→ **EXERCISE DATA**
========================================
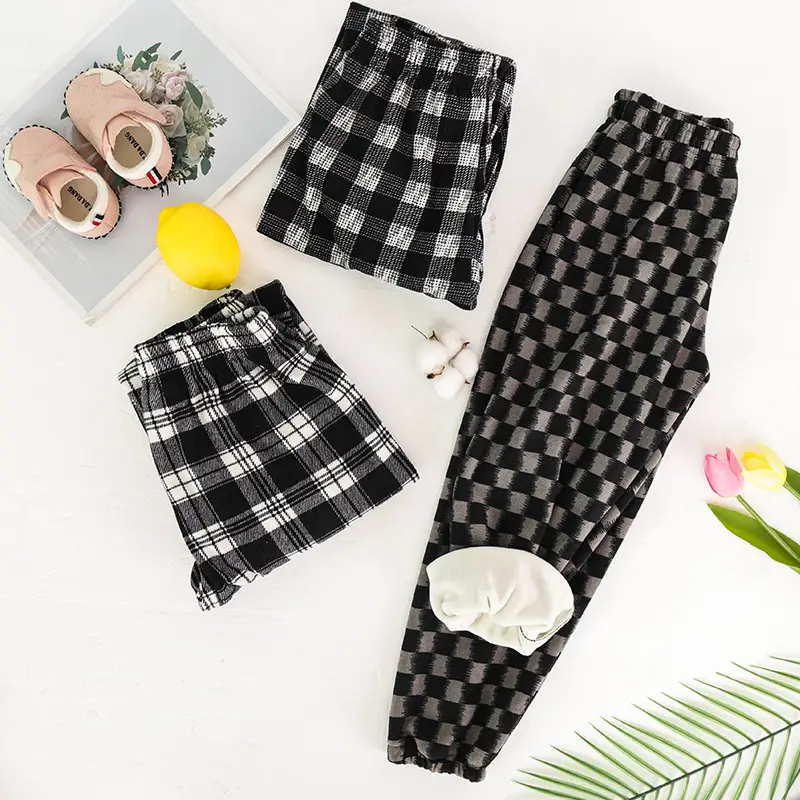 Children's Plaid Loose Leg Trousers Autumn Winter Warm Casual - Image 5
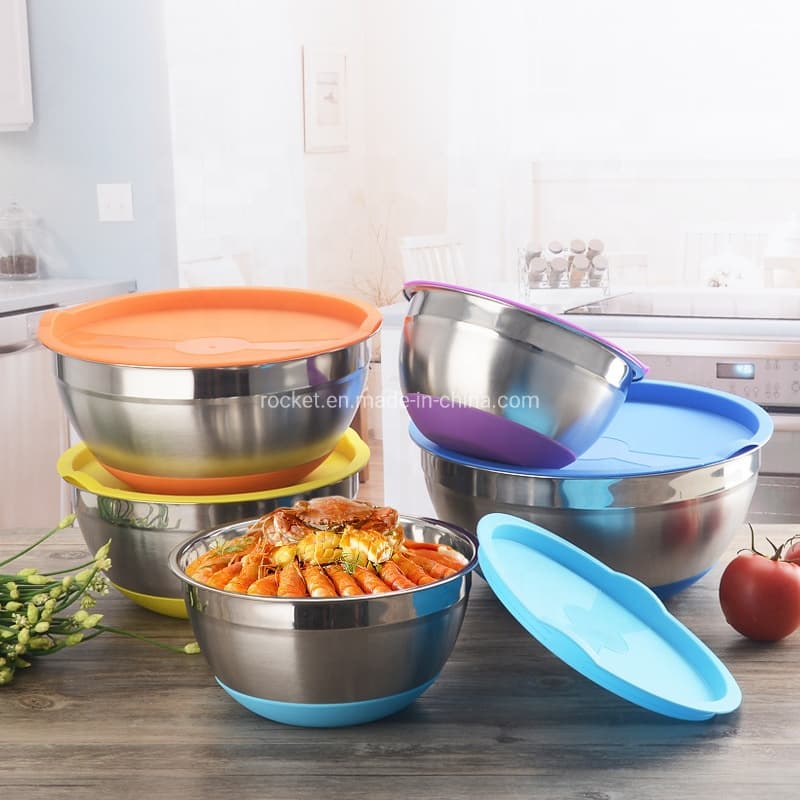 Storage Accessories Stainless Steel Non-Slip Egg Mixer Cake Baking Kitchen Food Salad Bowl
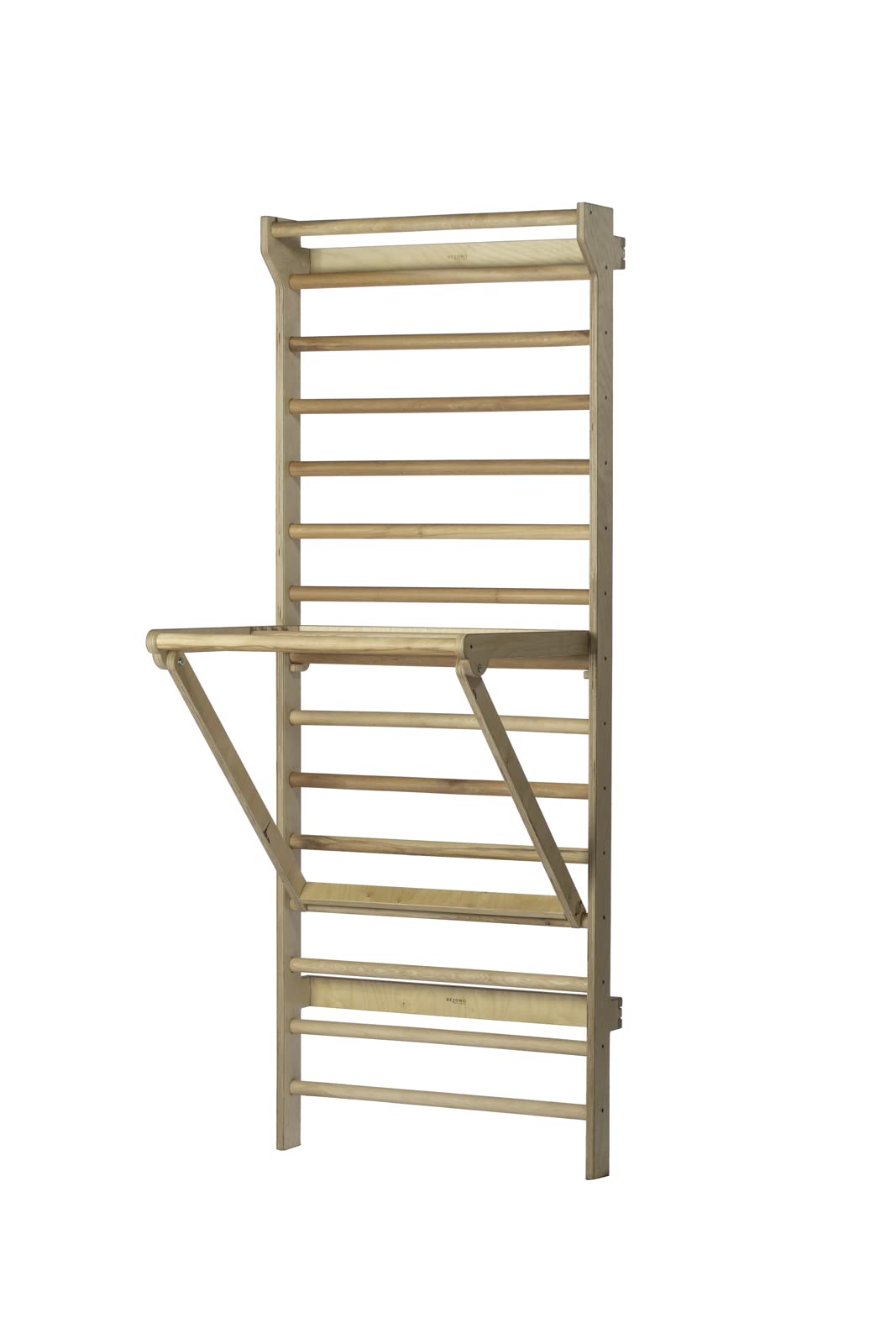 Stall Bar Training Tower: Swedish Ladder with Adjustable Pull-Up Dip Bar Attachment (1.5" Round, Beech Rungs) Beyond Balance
========================================
→ **PROBLEM**
Nothing but the lines from the one containing "Storage Accessories Stainless" through the last line of the listing should be copied, each word for word and without pictures.

→ **TASK RESULT**
 Storage Accessories Stainless Steel Non-Slip Egg Mixer Cake Baking Kitchen Food Salad Bowl
 Stall Bar Training Tower: Swedish Ladder with Adjustable Pull-Up Dip Bar Attachment (1.5" Round, Beech Rungs) Beyond Balance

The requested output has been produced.